Mme Fong Jiayi, présidente de la CICF, a déclaré :

« Les deux tiers des personnes interrogées considèrent que le coût des vaccins est un obstacle majeur. Il est essentiel de sensibiliser le public aux risques du zona et de promouvoir la vaccination, en particulier chez les patients atteints de cancer. Nous appelons le Comité scientifique sur les maladies évitables par la vaccination du Centre pour la protection de la santé à envisager l’inclusion des injections contre le zona dans le programme de vaccination pour les patients cancéreux, et à ce que le gouvernement et les hôpitaux publics fournissent des subventions ou des vaccinations gratuites. »

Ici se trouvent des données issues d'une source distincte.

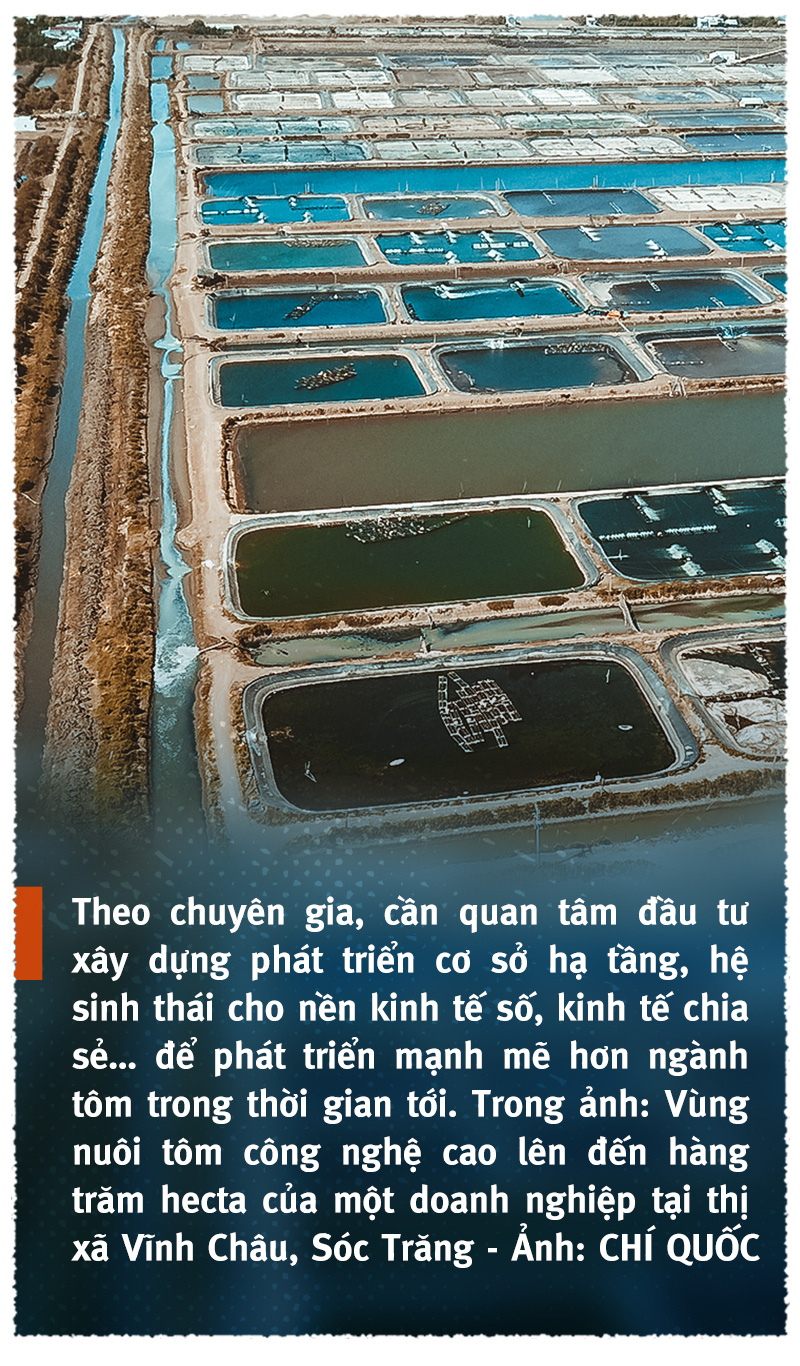 Vượt sóng COVID-19: Thủ phủ tôm Sóc Trăng vào vụ ‘trúng bể tay’ - Ảnh 8.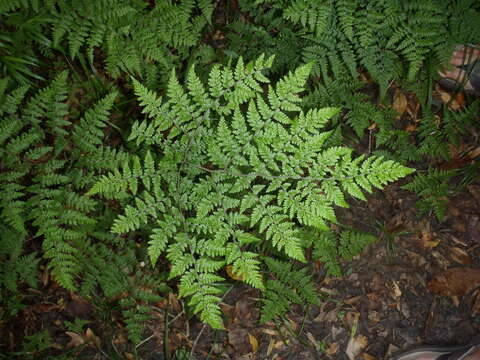 Image of Cheilanthes bergiana Schltdl.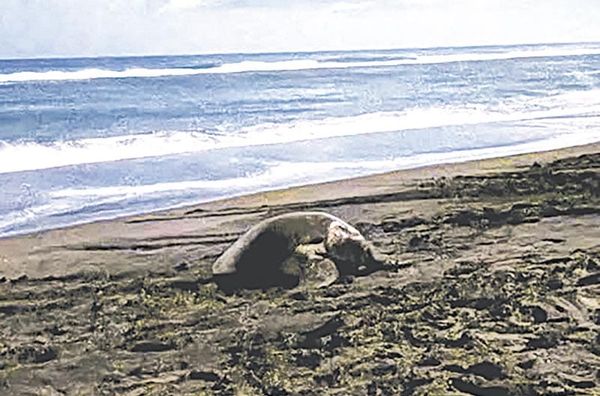 ¡EL LAUREL, EL SANTUARIO TORTUGUERO DE VERACRUZ!
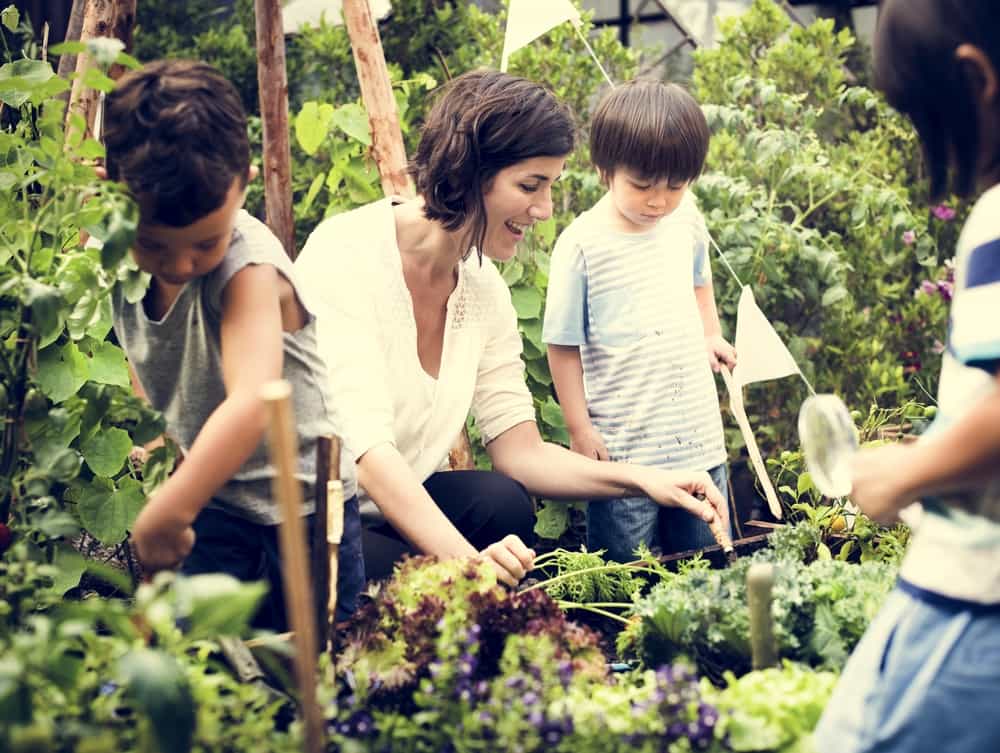 گروهی از کودکان با پیشینههای گوناگون در حال یادگیری در محیط مزرعه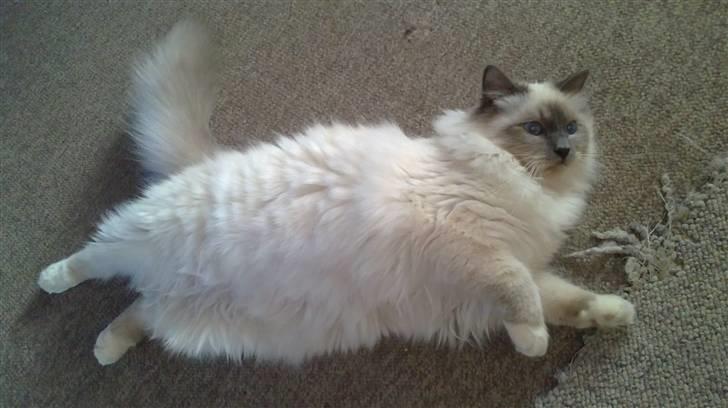 Hellig Birma DK Aqua Aura's Cosmo billede 2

Truda, une patiente de 34 ans atteinte d’un cancer ovarien, témoigne de la douleur intense causée par le zona, qu’elle décrit comme plus forte que les douleurs de l’accouchement. Elle souligne l’importance de la prévention :

« En tant que patiente atteinte d’un cancer, notre risque de contracter un zona est évidemment beaucoup plus élevé que celui d’une personne moyenne. Nous ne devons pas nous concentrer uniquement sur la lutte contre le cancer, mais aussi sur la prévention d’autres maladies. »

À propos du fonds caritatif du Réseau d’information sur le cancer

Le « Cancer Information Network Charity Fund » (CICF), créé en 2017 par Cancer Information Network, a pour objectif d’étendre les services en ligne et de fournir un soutien complet aux patients atteints de cancer et à leurs familles. Le CICF vise également à encourager la création de groupes de patients et à défendre leurs droits. Le financement du fonds provient principalement de subventions du « Cancer Information Network », mais les dons du public sont essentiels pour assurer la pérennité de ses activités.